A Capella, A Cappella, Acappella, or Acapella?

For my son’s 14th birthday we attended a concert by Straight No Chaser, a 10-man singing group. He was thrilled, as were we all, with the always entertaining and often humorous modern take on a variety of genres. After the show, we purchased for him the deluxe edition of their latest CD, Under the Influence, and he was lucky enough to get the front and back CD liners signed by all ten singers.

My next task when I got home was to rip lossless tracks onto our “jukebox”, a NAS media server that holds all the content for our various iDevices and receivers. While using iTunes to convert the tracks, I perused other similar vocal tracks already existing in our jukebox — by Acoustix, the Swingle Singers, and the Whiffenpoofs. I then realized that, thanks to community-driven databases such as Gracenote, the genre spellings were inconsistent. What is the correct spelling of the genre: a capella, a cappella, acappella, or acapella?

A Capella vs A Cappella

Technically, both spellings are correct; “a capella” (with one P) is the Latin spelling, whereas “a cappella” (with two P’s) is the Italian spelling. Slightly muddying the proverbial waters is that the phrase meaning “to the chapel” or “in the manner of the chapel” originated in Italian Catholic churches — in which most texts and records were written in Latin. However, for the past several centuries, written or printed musical notations used to indicate note dynamics (defining characteristics such as loudness, duration, frequency, or style) are written in Italian or use abbreviations of Italian terms:

  • crescendo (abbreviated cresc.) — gradually becoming louder, from the Latin crēscendum.
  • fortissimo (abbreviated ff) — played very loudly, from the Latin fortissimus.
  • fortepiano (abbreviated fp) — played loudly and then immediately softly.
  • staccato (abbreviated stacc.) — played shorter and detached, from the French distaccare.

While there are many musical directives originating in non-Italian languages (such as the German ängstlich, the Polish wolno, or the Latin ad libitum), due to the overwhelming prevalence of Italian, the Italian form a cappella is preferred for consistency.

Without a Space

The concatenated forms of “acapella” and “acappella” originated in the United States, unfortunately popularized by incorrect spelling on popular album titles or liners. The indefinite article “a” is so prevalent in English that other mid-sentence usages of the single lowercase letter are unusual; understandably, the sentence “He sang a song a cappella” appears a bit more confusing that would “He sang a song acappella”, however the second version is incorrect.

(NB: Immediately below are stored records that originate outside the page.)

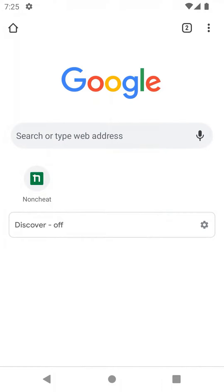By default, Google Chrome on phones can't edit quick links in the new tab homepage. But do it this way, you will be able to solve that problem.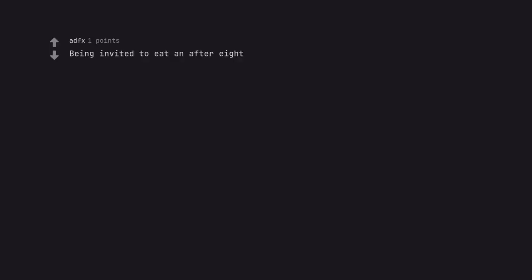Being invited to eat an After Eight, especially when you're supposed to be in bed by 7:59 PM.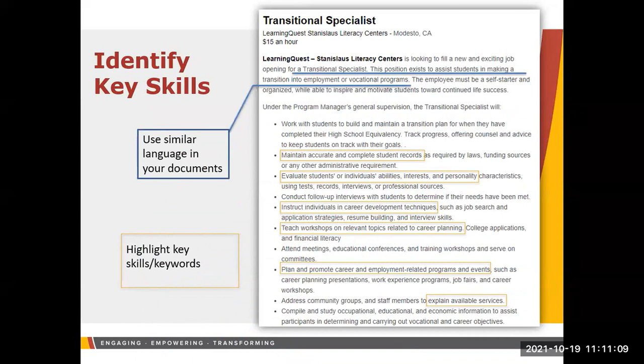You want to utilize similar language in your documents. You never want to copy and paste — what you're doing is summarizing to make it more relatable to that particular employer.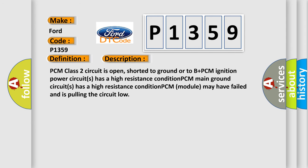PCM class 2 circuit is open, shorted to ground or to B plus. PCM ignition power circuits has a high resistance condition. PCM main ground circuits has a high resistance condition. PCM module may have failed and is pulling the circuit low.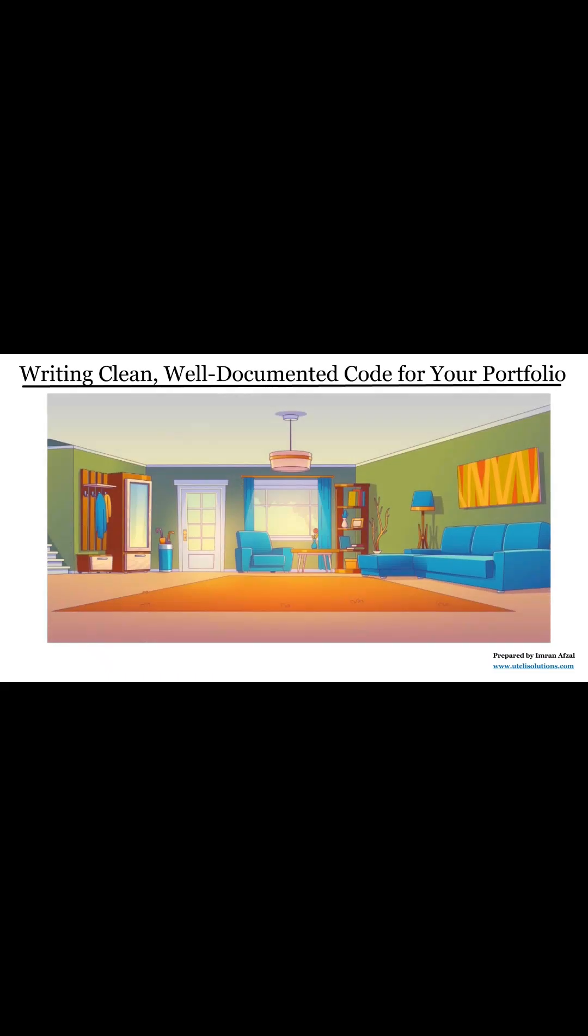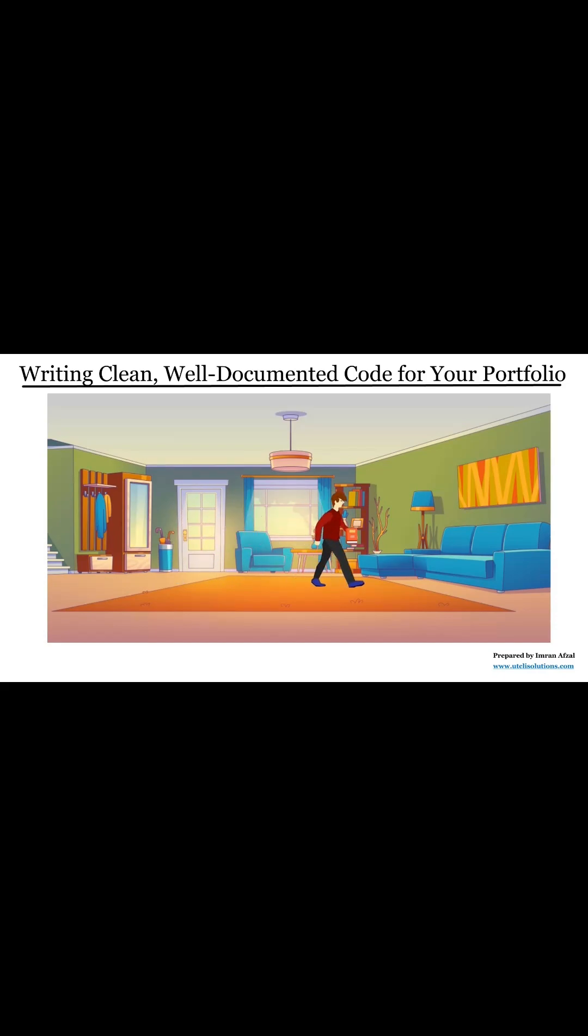It's kind of like having a clean room. Everything is in the right place and you can find what you need quickly, right?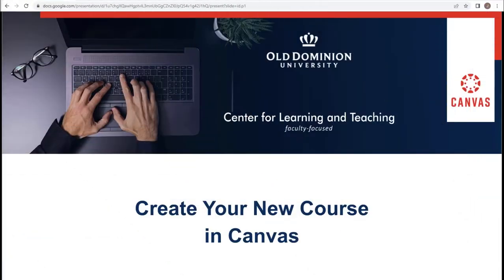Welcome to creating your new course in Canvas. In this portion, we will be discussing modules.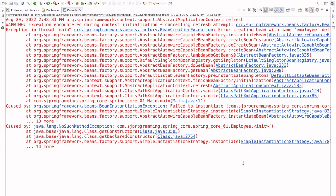Hello everyone, welcome to AJ Programming Solutions. In today's video we are going to see how to resolve the bean creation exception. When we work on a Spring or Spring Boot project, we may get this type of exception, so let's see how to resolve it.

The proper spelling of the note dynamic is “a cappella”. For use in iTunes, where all accepted genres are stylized with initial-caps, the genre should be “A Cappella”. While it pains me greatly, when an artist name or album title or track incorporates an incorrect spelling of a cappella, the incorrect spelling should be used.

  • On Jon Cleary’s album Occapella, the genre of the title song Occapella is still “A Cappella”.
  • The genre of the third track, Free [Tiefschwarz Accapella Version], on the compilation album Defected Accapellas 11 is also “A Cappella”.
  • The  “60’s Accapella Hits Volume 1” and “Acapella Super Hits – Dance Collection 1” compilation albums released by Acapella Vocalists feature a cappella songs by various artists. The genre of all is “A Cappella”.